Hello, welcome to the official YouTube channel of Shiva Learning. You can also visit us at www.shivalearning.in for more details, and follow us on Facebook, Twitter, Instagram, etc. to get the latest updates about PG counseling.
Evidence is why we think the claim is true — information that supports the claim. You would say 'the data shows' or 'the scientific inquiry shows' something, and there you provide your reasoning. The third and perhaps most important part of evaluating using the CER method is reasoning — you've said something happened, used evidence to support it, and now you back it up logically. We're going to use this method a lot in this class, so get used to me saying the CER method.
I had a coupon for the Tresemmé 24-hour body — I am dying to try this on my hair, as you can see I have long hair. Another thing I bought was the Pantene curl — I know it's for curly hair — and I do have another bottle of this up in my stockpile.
★ ★ ★ ★
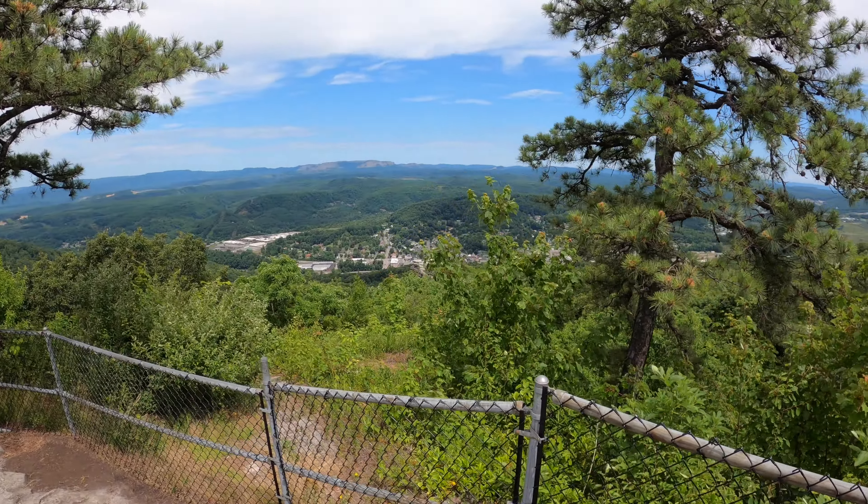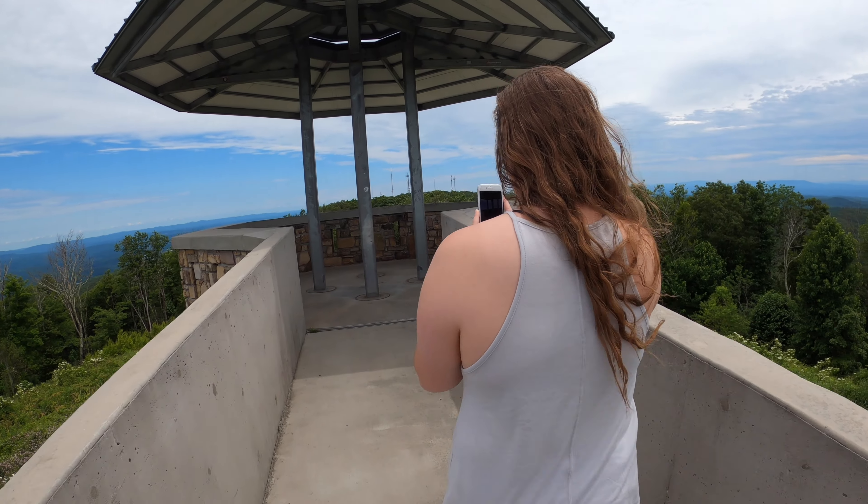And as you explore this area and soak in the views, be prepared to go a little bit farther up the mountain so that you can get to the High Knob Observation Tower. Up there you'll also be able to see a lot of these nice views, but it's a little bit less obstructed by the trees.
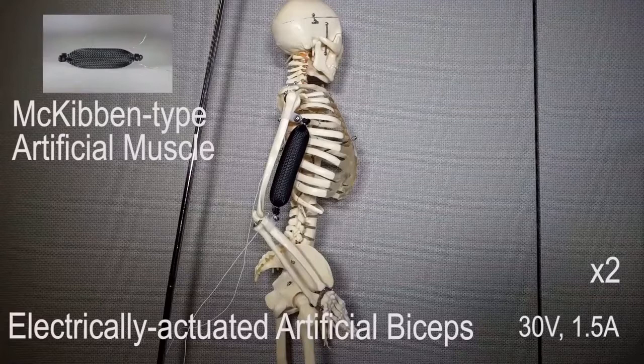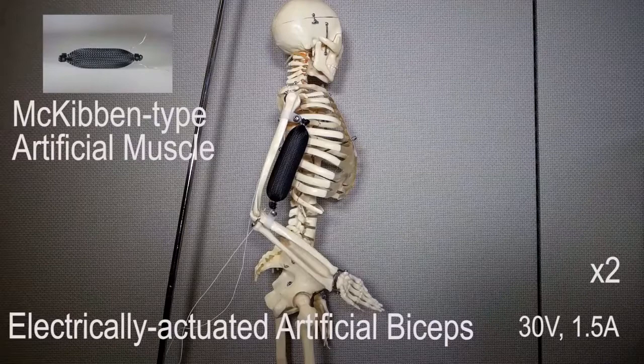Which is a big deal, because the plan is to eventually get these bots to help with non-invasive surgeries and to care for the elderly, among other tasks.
★ ★ ★ ★
→ **Task goal**:
All lines above from the one containing "And as you explore" up to and including the one containing "Which is a big" are to be set down exactly, and nothing else. Leave images out.

→ **Task response**:
And as you explore this area and soak in the views, be prepared to go a little bit farther up the mountain so that you can get to the High Knob Observation Tower. Up there you'll also be able to see a lot of these nice views, but it's a little bit less obstructed by the trees.
Which is a big deal, because the plan is to eventually get these bots to help with non-invasive surgeries and to care for the elderly, among other tasks.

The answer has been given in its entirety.